*What is being asked*. A faithful copy of the entries is needed, one that leaves out the pictures.

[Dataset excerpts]
=======
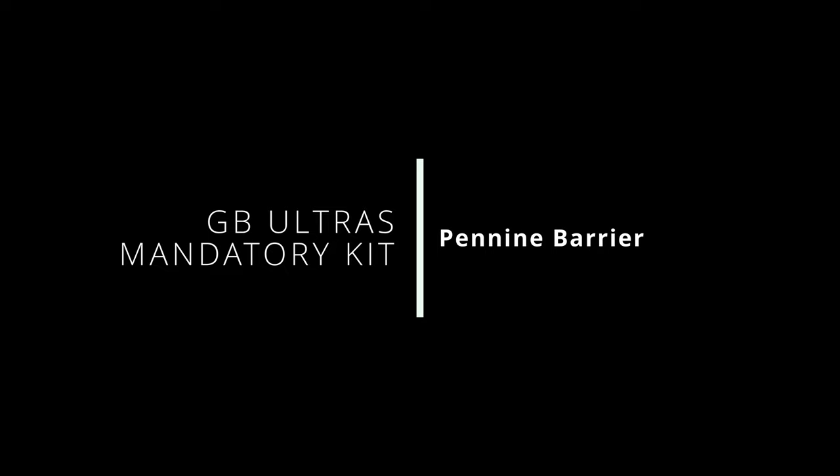Welcome to the mandatory kit video for Pennine Barrier 50 Mile. My name is Laura Yates and I'm one of the race directors at GB Ultras. Today I'll be going through the mandatory kit requirements for the event — what is required and when it's to be used. We have separated the mandatory kit into items that can be used throughout the race and items that are to be used only in an emergency.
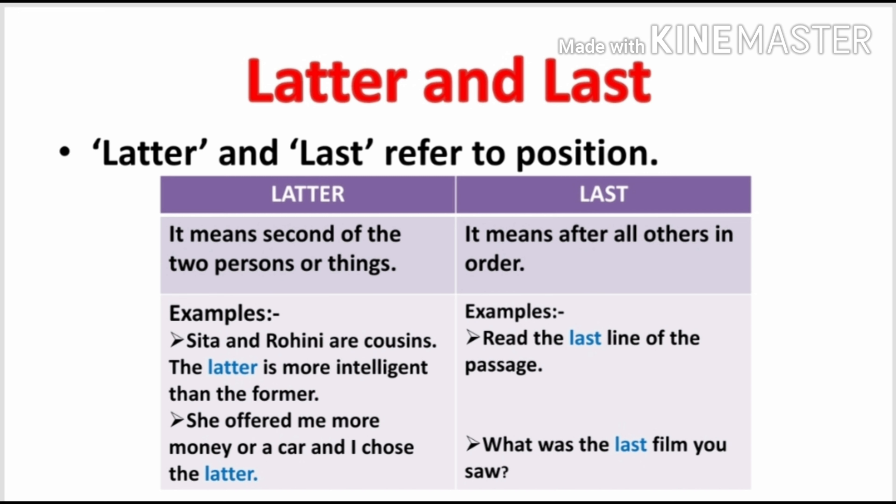It means in this sentence, Rohini is referred to as 'latter' and Sita is referred to as 'former.' Look at the second example: She offered me more money or a car, and I chose the latter. Now there are two things — one is more money, second is a car. Which one is the second one? Car. So here the car is referred to as 'latter.'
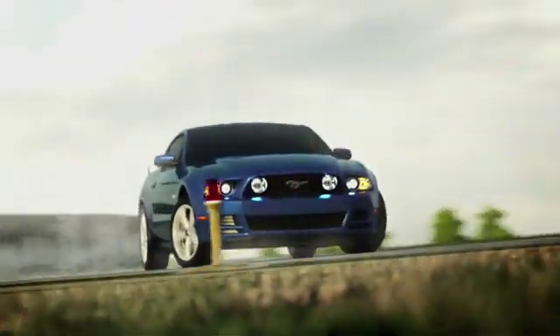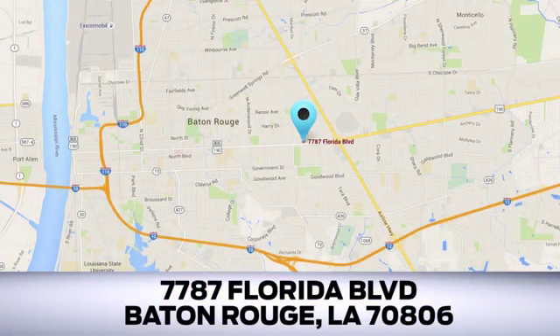Looking for a new Ford or pre-owned vehicle in Baton Rouge? Hollingsworth Richards Ford has been an automotive leader in the community for over 50 years. Come see us today at 7787 Florida Boulevard in Baton Rouge, Louisiana.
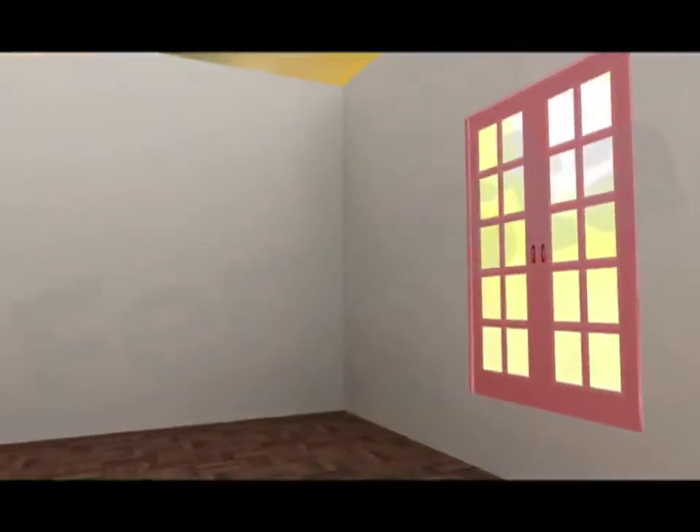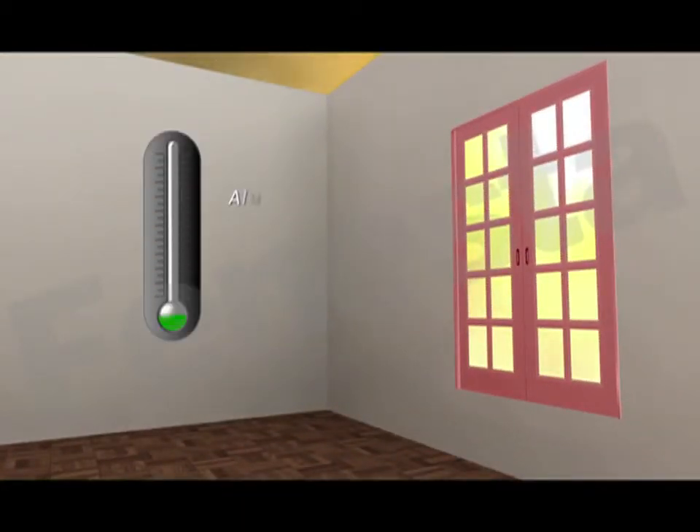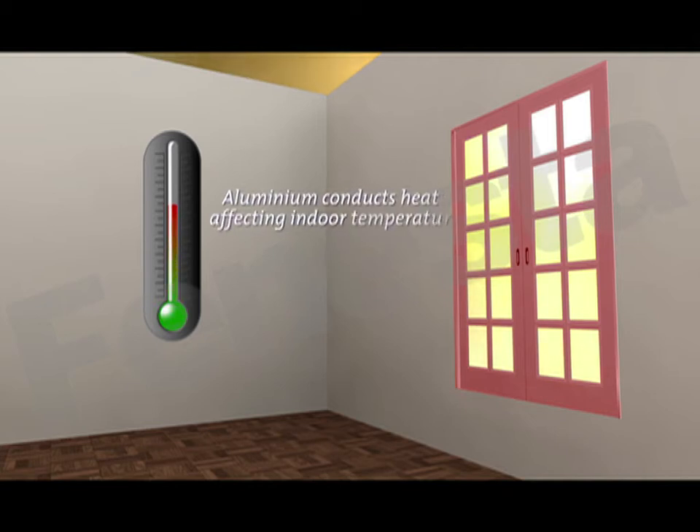In contrast, aluminium is a good conductor of heat, raising room temperatures, which only means an air conditioner has to work that much harder to cool down a room fitted with aluminium windows, consuming more energy in the process and raising energy costs unnecessarily.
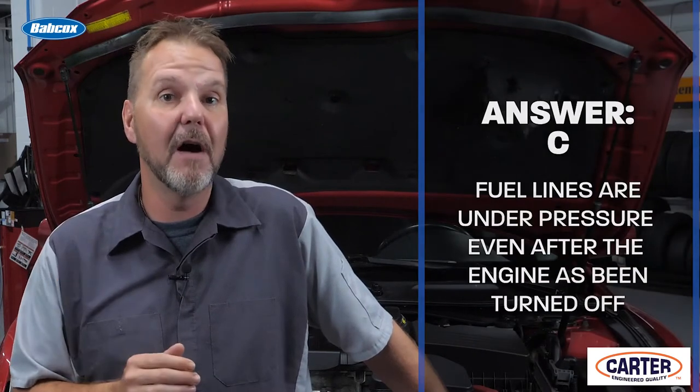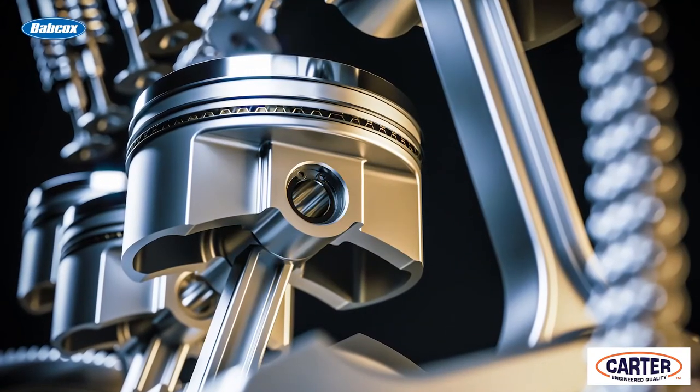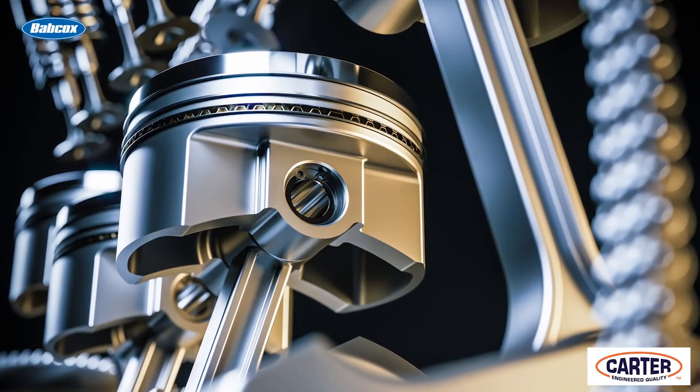The correct answer is C. The fuel lines are under pressure even after the engine has been turned off. This is necessary to spray the fuel into the combustion chamber of your vehicle in the correct amount at the right time, and for easier engine restarts. Relieving that pressure is an important safety step before attempting a fuel filter replacement.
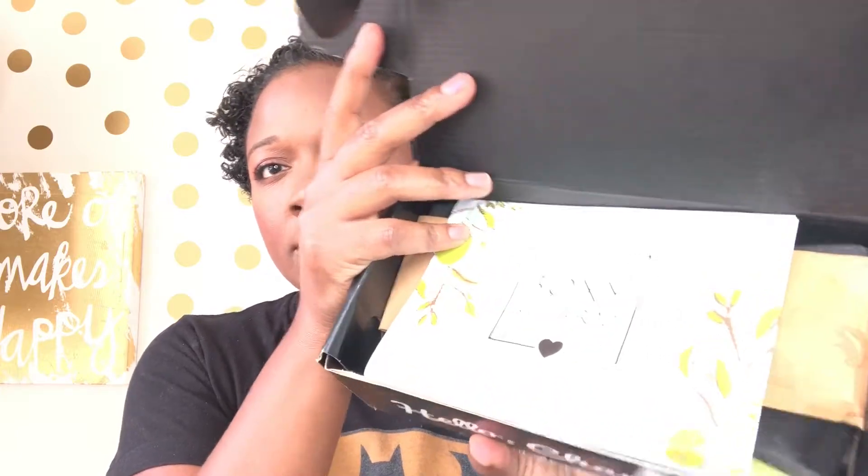Stuff is falling out already! So this is what it looks like. Of course you guys can't see — it comes with a card, and the theme this month is 'au naturel,' so I'm down with that. I'm trying to get this hair together because it's growing and I'm trying not to cut it. This card tells me everything that's in here, and this has a coupon for ten dollars off the skin bar at Ulta. I didn't know Ulta had a skin bar — I knew they had the little salon in the back, but not a skin bar. Interesting.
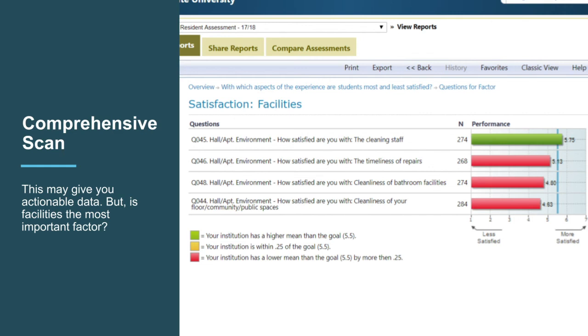Notice how quickly you got from high-level results down to specifics and actions. You have three next steps on this item: celebrate with staff, pass the timeliness concern to the head of maintenance, and revisit paint or other updates for summer upgrades.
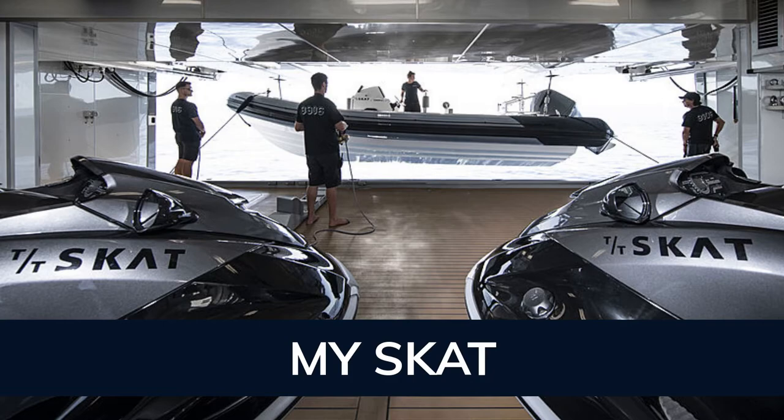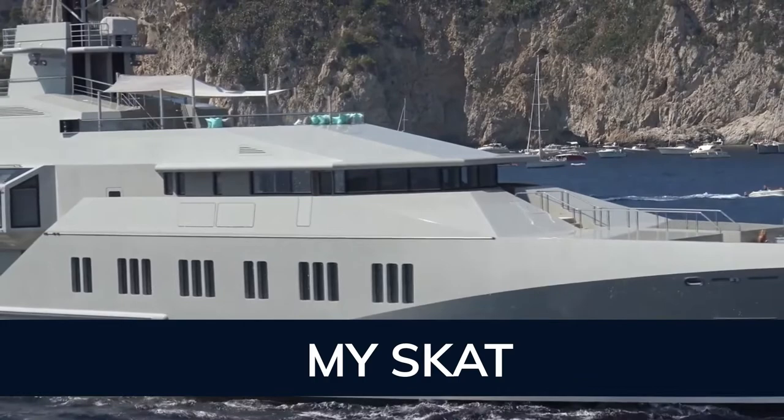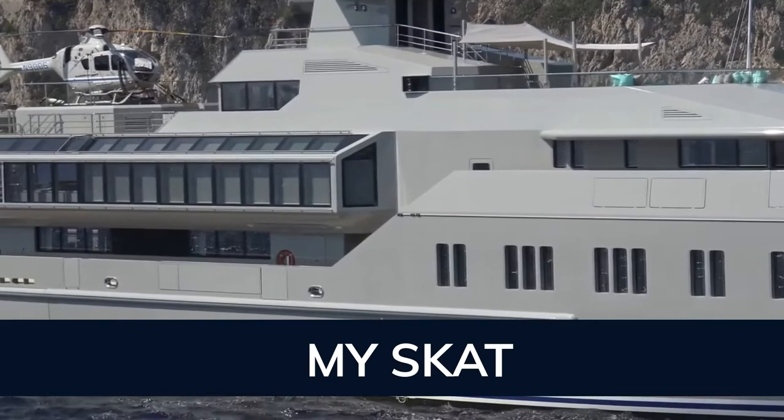Skat is built with a steel hull and aluminum superstructure with teak decks. Powered by twin diesel MTU 16-cylinder 2,682 horsepower engines running at 2,000 RPM, she comfortably cruises at 15 knots and reaches a maximum speed of 18 knots.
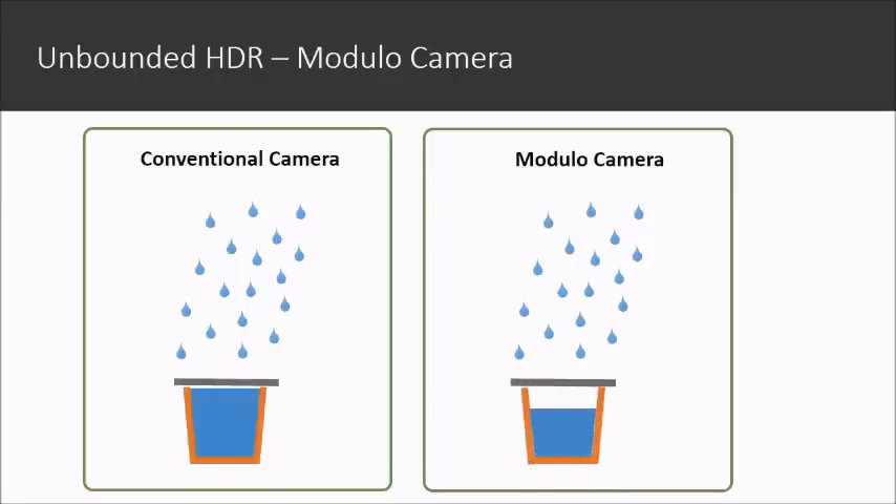When the shutter closes, the modular camera still preserves some useful information, while the conventional camera only gives a white pixel. After capturing, we restore the pixel values with our proposed algorithm.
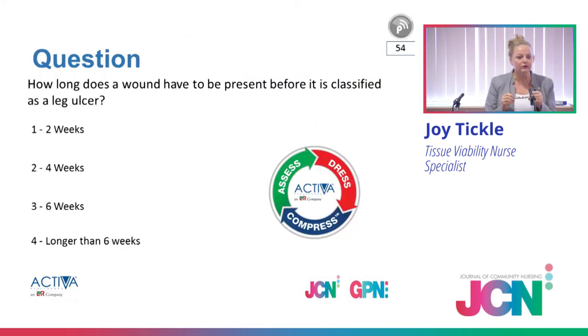For those with a voting pad, here's a question: how long does a wound have to be present before it is classified as a leg ulcer? Is it one to two weeks, two to four weeks, three to six weeks, or longer than six weeks? I don't know who's voting and the system won't put your name up, so please vote honestly.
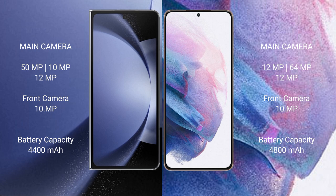Samsung Galaxy Z Fold 6 has a 4400mAh battery with 45W fast charging support. Samsung Galaxy S21 Plus has a 4800mAh battery with 25W fast charging support.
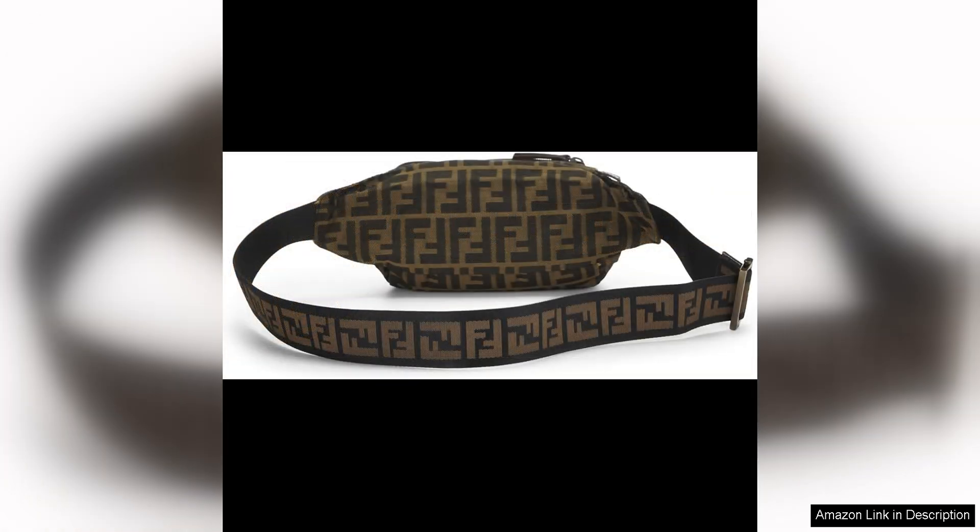What sets this belt bag apart is its pre-loved status. Buying pre-loved items is not only a sustainable choice, but also a great way to own a piece of luxury fashion at a more affordable price point. This bag has been meticulously inspected for authenticity and quality, giving you peace of mind that you are purchasing a genuine designer piece.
=======
*Result of this exercise*.
Welcome to the mandatory kit video for Pennine Barrier 50 Mile. My name is Laura Yates and I'm one of the race directors at GB Ultras. Today I'll be going through the mandatory kit requirements for the event — what is required and when it's to be used. We have separated the mandatory kit into items that can be used throughout the race and items that are to be used only in an emergency.
It means in this sentence, Rohini is referred to as 'latter' and Sita is referred to as 'former.' Look at the second example: She offered me more money or a car, and I chose the latter. Now there are two things — one is more money, second is a car. Which one is the second one? Car. So here the car is referred to as 'latter.'
Looking for a new Ford or pre-owned vehicle in Baton Rouge? Hollingsworth Richards Ford has been an automotive leader in the community for over 50 years. Come see us today at 7787 Florida Boulevard in Baton Rouge, Louisiana.
In contrast, aluminium is a good conductor of heat, raising room temperatures, which only means an air conditioner has to work that much harder to cool down a room fitted with aluminium windows, consuming more energy in the process and raising energy costs unnecessarily.
The correct answer is C. The fuel lines are under pressure even after the engine has been turned off. This is necessary to spray the fuel into the combustion chamber of your vehicle in the correct amount at the right time, and for easier engine restarts. Relieving that pressure is an important safety step before attempting a fuel filter replacement.
Stuff is falling out already! So this is what it looks like. Of course you guys can't see — it comes with a card, and the theme this month is 'au naturel,' so I'm down with that. I'm trying to get this hair together because it's growing and I'm trying not to cut it. This card tells me everything that's in here, and this has a coupon for ten dollars off the skin bar at Ulta. I didn't know Ulta had a skin bar — I knew they had the little salon in the back, but not a skin bar. Interesting.
Notice how quickly you got from high-level results down to specifics and actions. You have three next steps on this item: celebrate with staff, pass the timeliness concern to the head of maintenance, and revisit paint or other updates for summer upgrades.
Skat is built with a steel hull and aluminum superstructure with teak decks. Powered by twin diesel MTU 16-cylinder 2,682 horsepower engines running at 2,000 RPM, she comfortably cruises at 15 knots and reaches a maximum speed of 18 knots.
When the shutter closes, the modular camera still preserves some useful information, while the conventional camera only gives a white pixel. After capturing, we restore the pixel values with our proposed algorithm.
For those with a voting pad, here's a question: how long does a wound have to be present before it is classified as a leg ulcer? Is it one to two weeks, two to four weeks, three to six weeks, or longer than six weeks? I don't know who's voting and the system won't put your name up, so please vote honestly.
Samsung Galaxy Z Fold 6 has a 4400mAh battery with 45W fast charging support. Samsung Galaxy S21 Plus has a 4800mAh battery with 25W fast charging support.
What sets this belt bag apart is its pre-loved status. Buying pre-loved items is not only a sustainable choice, but also a great way to own a piece of luxury fashion at a more affordable price point. This bag has been meticulously inspected for authenticity and quality, giving you peace of mind that you are purchasing a genuine designer piece.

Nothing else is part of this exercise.